Would you copy, word for word, each line from the one with "Mesa ratona de" to the end of the listing below, skipping all pictures?
┄┄┄┄┄┄┄┄┄┄
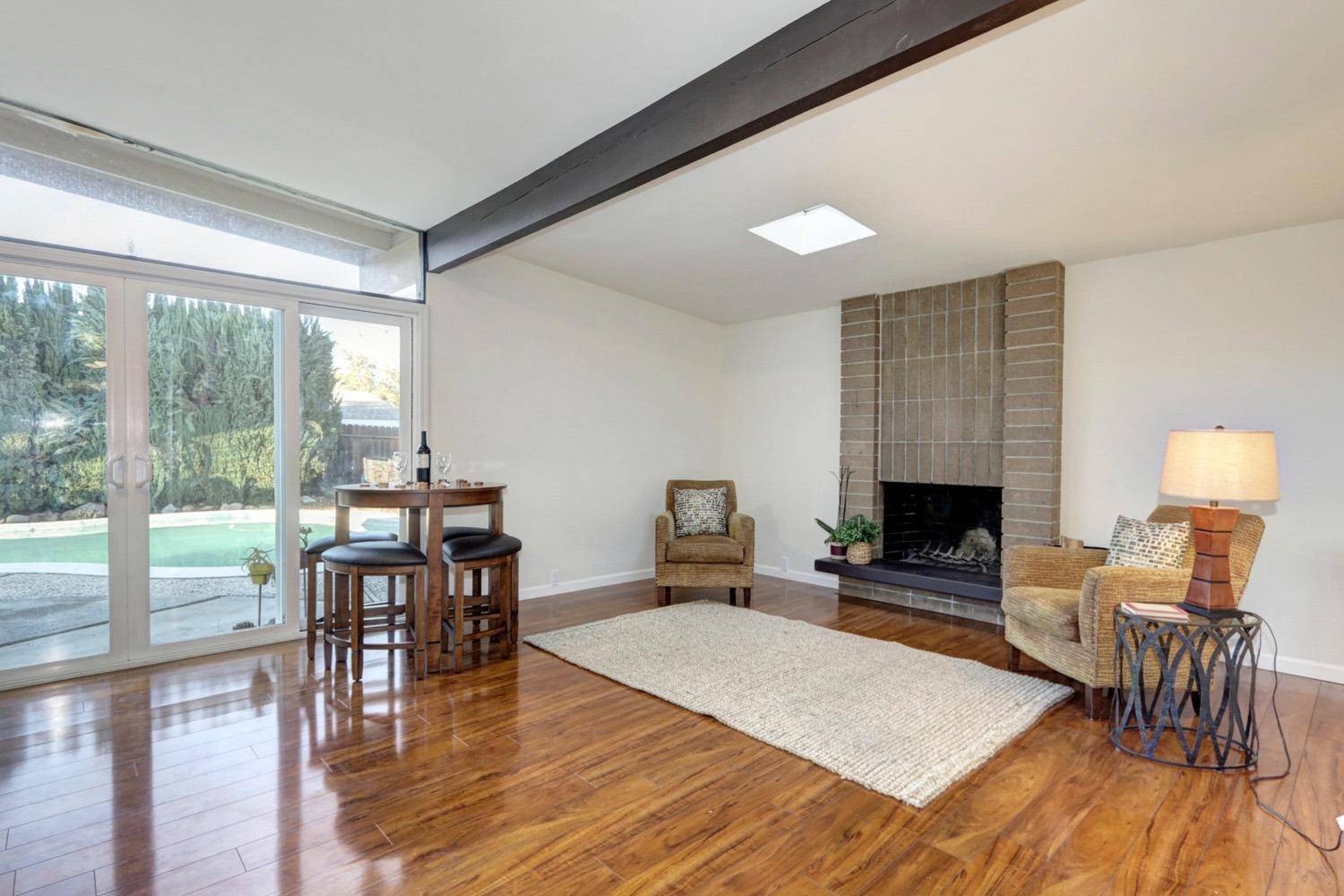 Davis, CA 95616,1225 Drexel DR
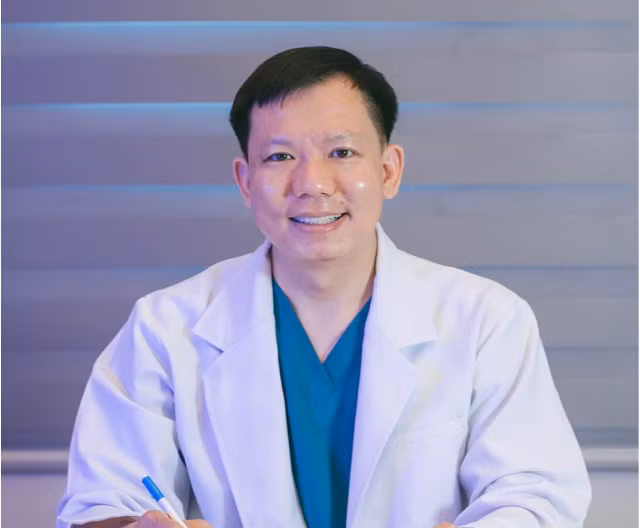 Bac si Cao Huu Thinh bi phat 24,5 trieu dong vi lam lo thong tin benh nhan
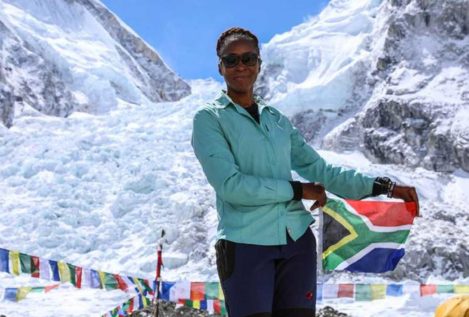 Saray Khumalo, primera mujer negra africana en subir el Everest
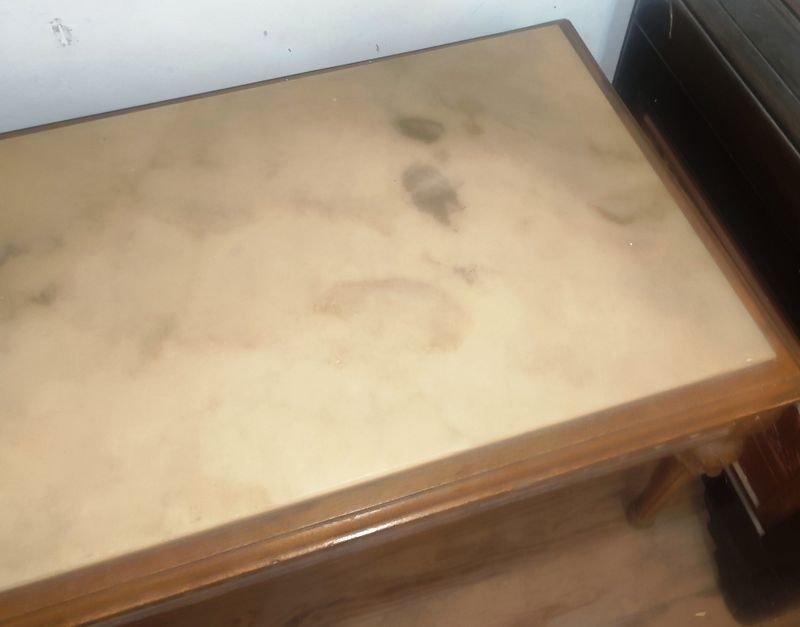 Mesa ratona de tapa de mármol estilo Luis XVI - imagen 4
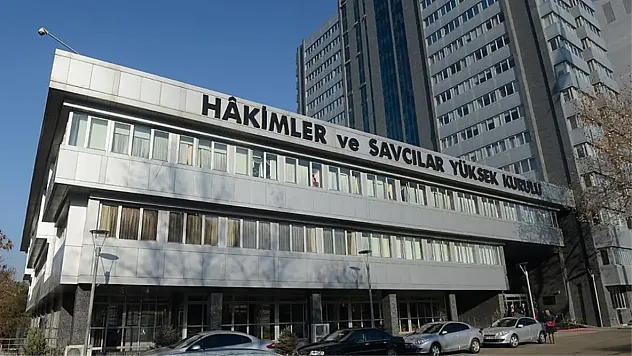 TBMM Karma Komisyonu HSK Üyeliği İçin Üç Aday Belirledi: Gözler Genel Kurulda  Karma Komisyon Yoğun Gündemle Toplandı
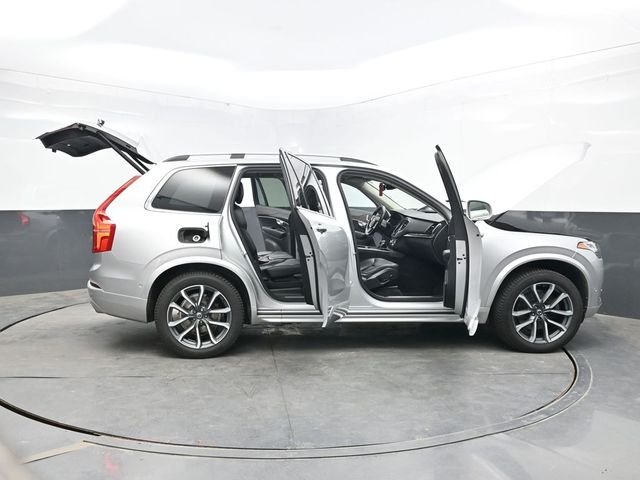 Used 2018 Silver Volvo T6 Momentum image 59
┄┄┄┄┄┄┄┄┄┄
Exercise response –
 Mesa ratona de tapa de mármol estilo Luis XVI - imagen 4
 TBMM Karma Komisyonu HSK Üyeliği İçin Üç Aday Belirledi: Gözler Genel Kurulda  Karma Komisyon Yoğun Gündemle Toplandı
 Used 2018 Silver Volvo T6 Momentum image 59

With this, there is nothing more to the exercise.